Well, it’s that time of year again – cold and flu season is upon us. Hand in hand with the emergence of illness goes incredible marketing of a myriad of expensive supplements that may or may not work to prevent illness, medications to fight sickness and mask symptoms, tissues enhanced with everything from moisturizer to aloe to Vicks, and of course the flu shot. Trouble is, a lot of this stuff simply doesn’t work to help keep you healthy.
What if you could get through this year’s cold and flu season without any sniffles AND without putting a toxic load of chemicals into your body at the same time? Follow these simple tips to keep yourself and your family healthy this cold and flu season.
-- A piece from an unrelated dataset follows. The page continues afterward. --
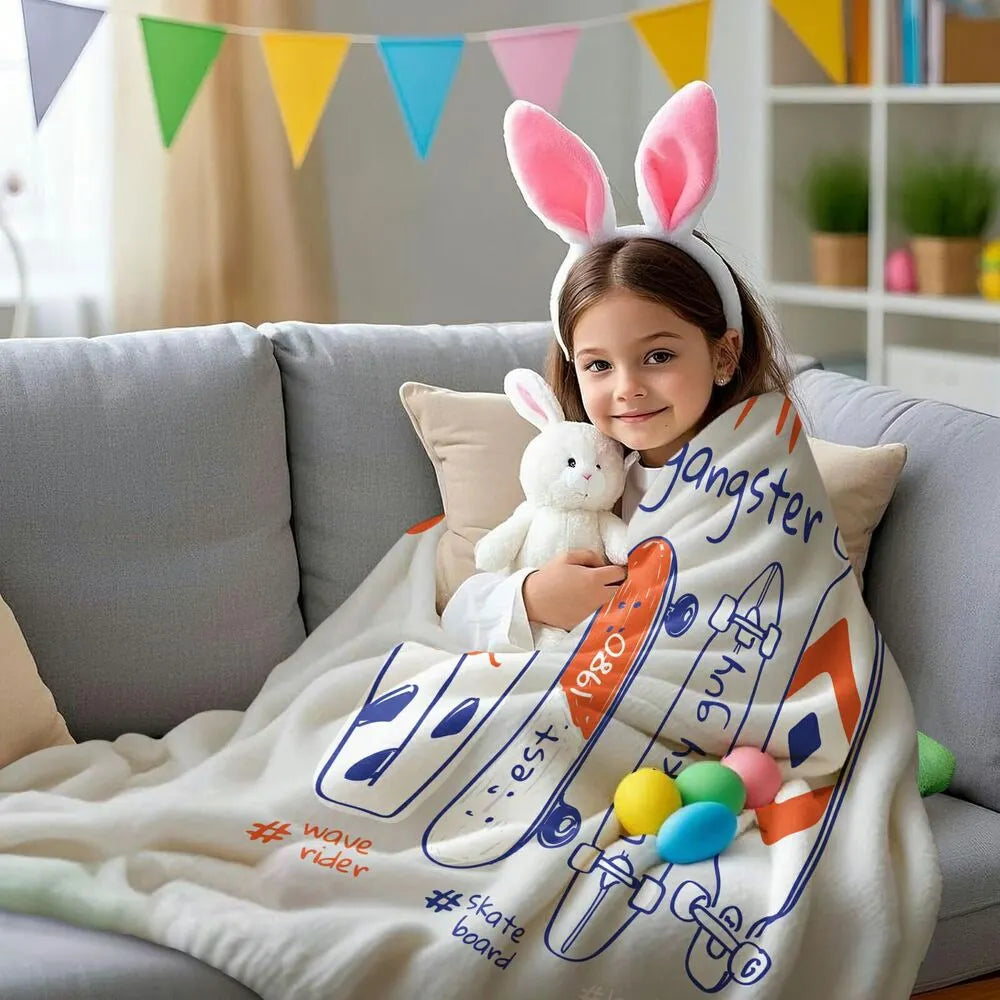 Boards Gangster Skate Surf Themed Multipurpose Throw Blanket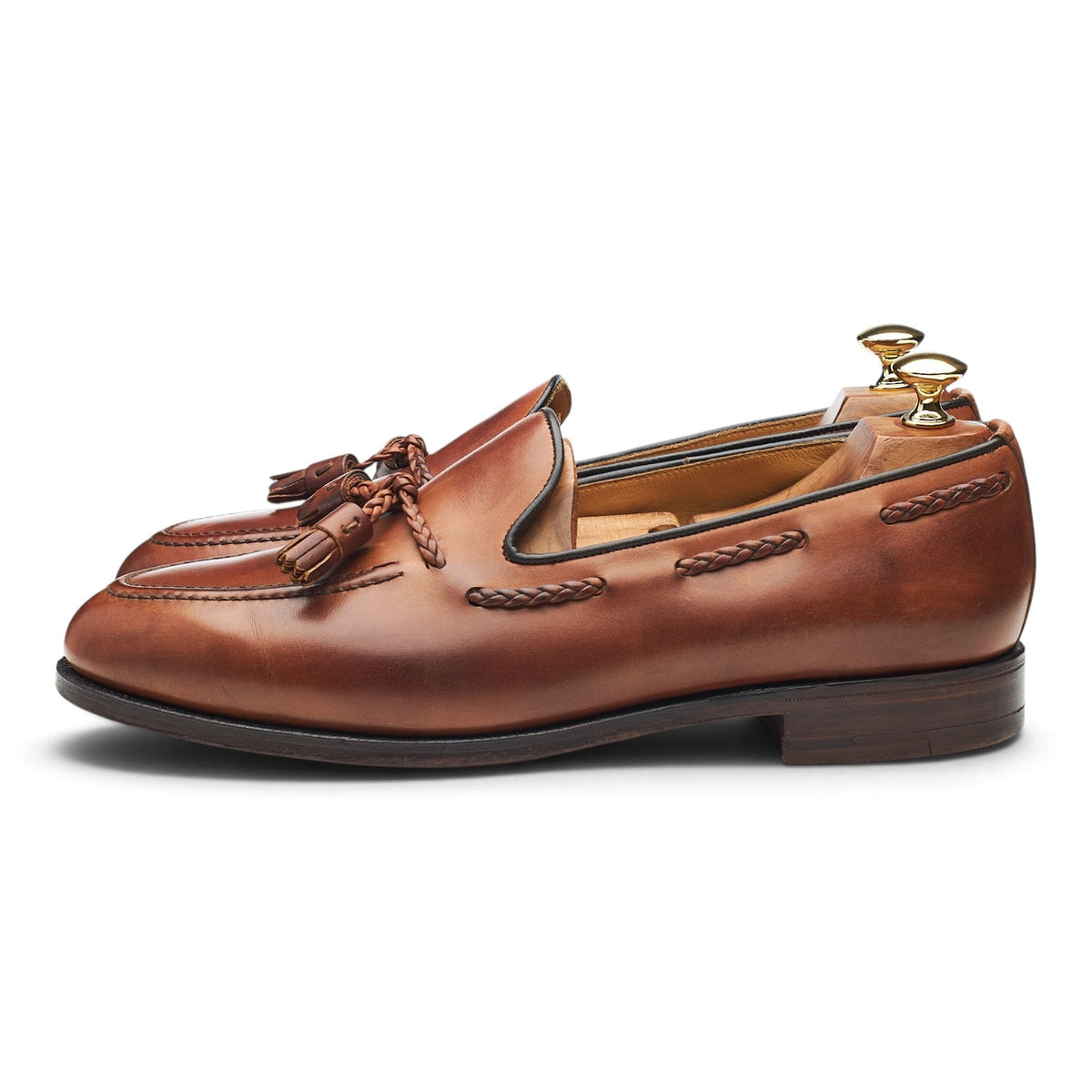 Shipton & Heneage 'Lamport' Tan Brown Leather Tassel Loafers UK 9.5 EX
Remember all of the times your mom nagged you to wash your hands? Well, she was right. Wash your hands often and properly. Use hot water and make sure to lather the soap for at least 15-30 seconds before rinsing. How long is long enough? Sing one of your favorite childhood nursery rhymes like Baa Baa Black Sheep or Twinkle Twinkle Little Star while you are lathering. The feel good feeling from singing might just help too! Wash your hands after using the restroom, before and after meals, and anytime you enter your home. Steer clear of those anti-bacterial soaps and hand sanitizers though – some studies are suggesting that they may actually promote resistance to bacterial agents and make you more prone to illness.
Consider taking a daily probiotic. A healthy digestive system is the key to a strong immune system and some studies suggest that a daily probiotic can help you to achieve that. Remember to buy probiotics that have been stored in a refrigerator and keep them in the fridge at home for maximum effectiveness.
Take a walk outside for at least 30 minutes every day, preferably in the morning sunshine. Physical movement helps to keep your body healthy and being outdoors breathing in the fresh air will help supercharge your body with a rich flood of oxygen.
Eat Real Food
Eating healthy whole foods is critical in this season. Cooking whole foods at home ensures you’re eating things that are good for you and will minimize the chance of contracting illnesses while in a restaurant.
A good night’s rest will help keep your immune system strong. A 2009 study suggests that those who get less than 7 hours of sleep per night are 3 times more likely to catch a common cold than those getting 7+ hours. Check out this post for tips on how to improve your sleep.
Consider A Vitamin D Supplement
A February 2009 study (as well as a whole host of others) suggests that those who have a Vitamin D deficiency are more likely to contract the common cold and to develop upper respiratory tract infections. Since our bodies produce vitamin D in response to sunlight, many of us living in cold Northern climates can develop a level of vitamin D deficiency over the winter. A vitamin D supplement may help to keep your blood levels of vitamin D up, thereby keeping your immune system strong. Although the Recommended Daily Intake for vitamin D is 200 IU/day for most people, many prominent health professionals including Dr. Andrew Weil are recommending up to 2000 IU/day for maximum health benefit. Vitamin D3 (cholecalciferol) is considered to be better utilized by the body than Vitamin D2 (ergocalciferol), so choose your supplement carefully. And remember, be sure to talk with your doctor before starting any new supplements!